(Excertos do meu texto de
introdução ao livro de fotografias Fátima
– Enquanto Houver Portugueses, que será por mim apresentado este sábado, 1 de Abril, às 17h, na Cordoaria Nacional, em
Lisboa, no âmbito da exposição antológica do fotógrafo que ali se pode
visitar.)
Rostos, expressões, sentimentos,
experiências. Vidas vividas.
Desde que comecei a tentar
perscrutar o que atrai tanta gente a Fátima, as pessoas e as suas vidas são uma
das razões para eu próprio me aproximar do mistério. Ainda mais porque,
enquanto crente e cristão (já tentarei explicar o que pode caber nestas
expressões), não acredito que a mãe de Jesus apareça fisicamente em cima de
azinheiras ou em outros locais. Aceito, no entanto, que, na sua busca
espiritual, haja pessoas que acreditam nessa experiência enquanto realidade e
acabem por descobrir o sagrado dentro de si mesmas.
São estas pessoas, e é este
sagrado, que nos falam nas fotos de Alfredo Cunha reunidas neste álbum. (...)
Adivinham-se, aliás, expressões,
sentimentos, experiências e vidas muito diversas. Seja o pai que vai de joelhos
levando o seu bebé ao colo, as jovens que se abraçam, as pessoas que
carregam ou mostram imagens religiosas
como quem exibe uma senha de identidade, a partilha do fogo de uma vela, ou os
momentos de descanso, mesmo no meio das celebrações litúrgicas. Ou, ainda, a
comoção e a profundidade do olhar durante as procissões das velas e do adeus,
esteticamente únicas e belíssimas (...), e que são dois momentos que redimem em
absoluto o mau gosto de grande parte da iconografia que à volta do fenómeno se
pode encontrar.
Ao longo de décadas, têm sido
estas pessoas, milhões de rostos assim, a construir Fátima. Desde o início do
fenómeno, em 1917, quando três crianças, guardadoras de rebanhos, contaram ter
visto a mãe de Jesus, numa experiência espiritual que espelhava o que era
vivido no tempo. A partir do que era a prática católica da época, elas
construíram – sobretudo Lúcia, a mais velha – uma narrativa que remetia para a
importância e a perpetuação das devoções, linguagem e espiritualidade do tempo.

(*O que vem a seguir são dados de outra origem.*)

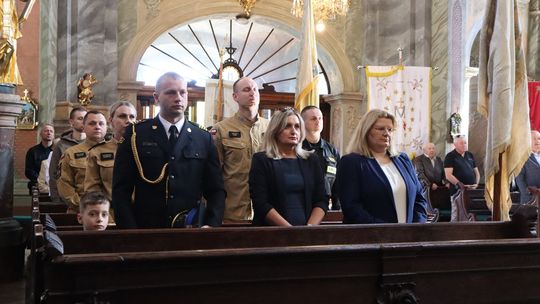 Chełm. Uroczyste obchody Dnia Strażaka [GALERIA ZDJĘĆ]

Não será por acaso, por exemplo,
que o texto da chamada terceira parte do “segredo” fala de espadas de fogo,
perseguições ao santo padre e de um grupo de soldados que mata o Papa. Há cem
anos, ainda se vivia na ideia de que este estava “prisioneiro” no Vaticano, em
protesto contra o fim dos Estados pontifícios, em 1870, e a unificação
italiana. No seu texto – escrito só em 1944 e “por ordem” do bispo de Leiria,
D. José Alves Correia da Silva –, Lúcia acaba por assumir expressões
semelhantes às que se usavam na época, e que caracterizavam Garibaldi e o rei
Vittorio Emanuele como inimigos da Santa Sé e dos Estados Pontifícios.